Baru baca artikel ni ,ternyata eh ternyata .......
“.....kalau sampai sunat dilakukan pada seorang bayi perempuan, artinya klitorisnya akan terpotong sepertiganya. Jadi, perbandingannya kurang lebih sama panjangnya dengan kulit penis anak laki-laki ketika disunat.....”
Masalah sunat perempuan yang sangat dekat dengan keseharian kita ini sesungguhnya didukung oleh banyak faktor seperti budaya, sosial, medis, agama bahkan politik. Sunat perempuan yang tidak hanya terjadi di Indonesia tetapi juga diberbagai belahan dunia lain. Prakteknya bermacam-macam, dari yang hanya bersifat simbolik dengan cara menempelkan, menoreh atau memotong kunyit pada bagian klitoris bayi perempuan sampai kepada memotong habis klitoris tersebut.

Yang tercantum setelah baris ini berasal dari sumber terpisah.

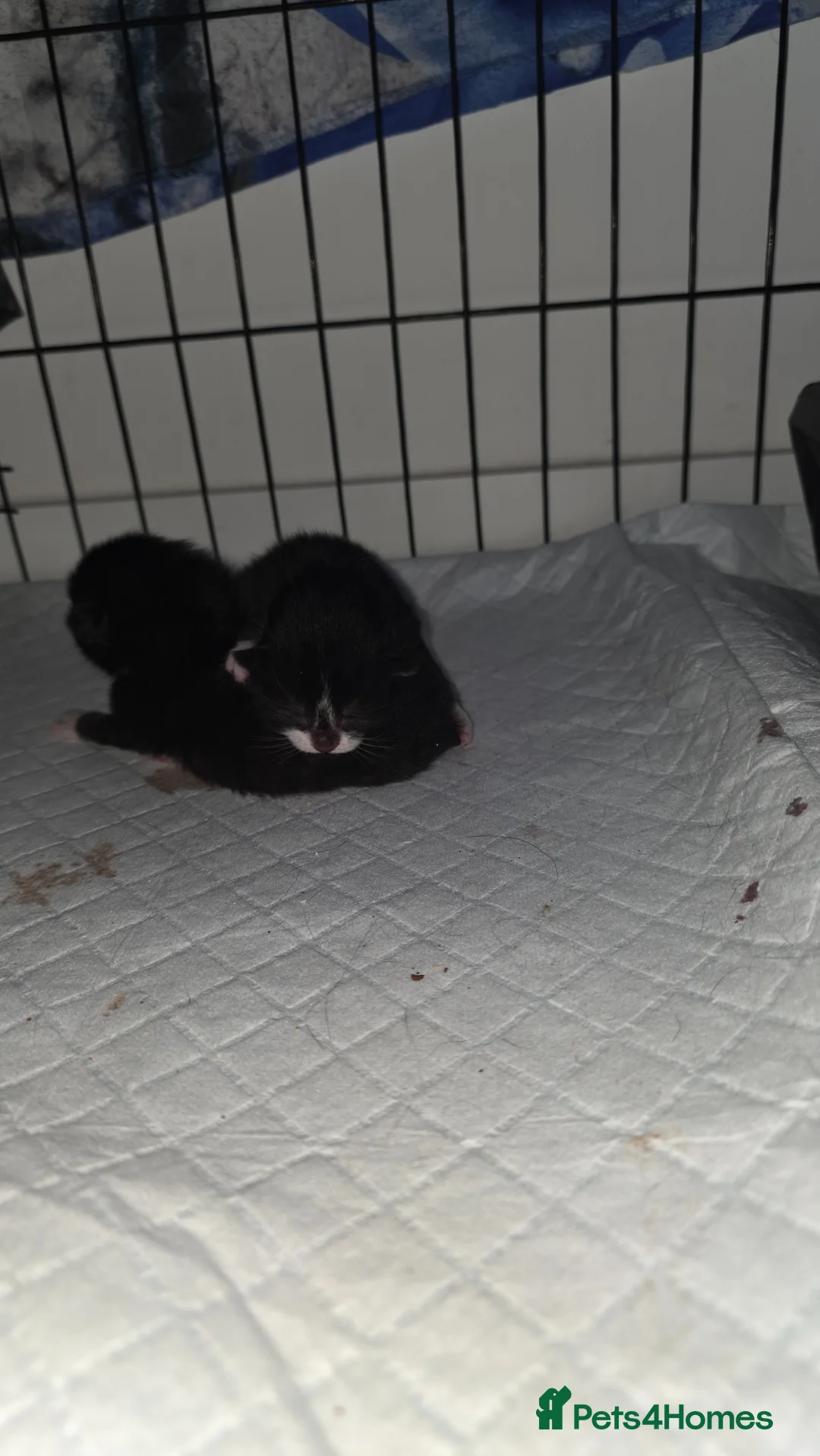 Mixed Breed cats for sale: Fluffy kittens for sale - Advert 3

Hadist “al-Khitanu sunnatun lirrijal, wa makromatun linnisa” (khitan sunah untuk lelaki, dan kehormatan untuk perempuan) sering menjadi dasar agama untuk melakukan sunat perempuan. Alasan lain adalah untuk membatasi perempuan karena adanya pemahaman perempuan dianggap makhluk liar yang binal sehingga perlu dilakukan “pensucian” melalui upacara-upacara simbolik dengan memotong organ genitalnya. Dan yang lebih ironis lagi, ternyata “aturan” sunat perempuan ini menjadi alasan politis untuk mempertahan posisi seseorang. Diungkapkan seorang tokoh agama yang juga menjabat salah satu pembesar di sebuah lembaga keagamaan di negara ini sangat meyakini bahwa praktek sunat perempuan bukan merupakan ajaran Islam. Tetapi karena madzhab yang dianut oleh sebagain besar pemimpin keagamaan di Indonesia mengharuskan sunat perempuan, maka lembaga ini memilih mendukung hal tersebut dengan alasan kuatir tidak didukung secara politis oleh para pemimpin keagamaan tersebut.
Terungkap juga bahwa pelaku praktek sunat perempuanpun bermacam-macam. Dari dukun beranak sampai bidan, bahkan dokter umum. Hasil penelitian Pusat Studi Wanita (PSW) Padang menyebutkan bahwa di daerah Padang Pariaman sunat perempuan dilakukan oleh bidan atau dukun dengan cara memotong klitoris menggunakan gunting. Uniknya, menurut sebagian besar peserta, sunat perempuan merupakan tradisi agama dan tidak bisa diganggu gugat. Namun ketika ditanyakan dasar agama yang digunakan, semua peserta tidak dapat menyebutkannya.
Menurut riset di beberapa Rukun Warga (RW) di daerah Jatinegara, Jakarta, sunat perempuan banyak dilakukan oleh masyarakat dengan alasan tradisi. Ditemukan juga fakta bahwa perilaku sunat perempuan tidak hanya dilakukan oleh keluarga yang beragama Islam tetapi juga non Islam.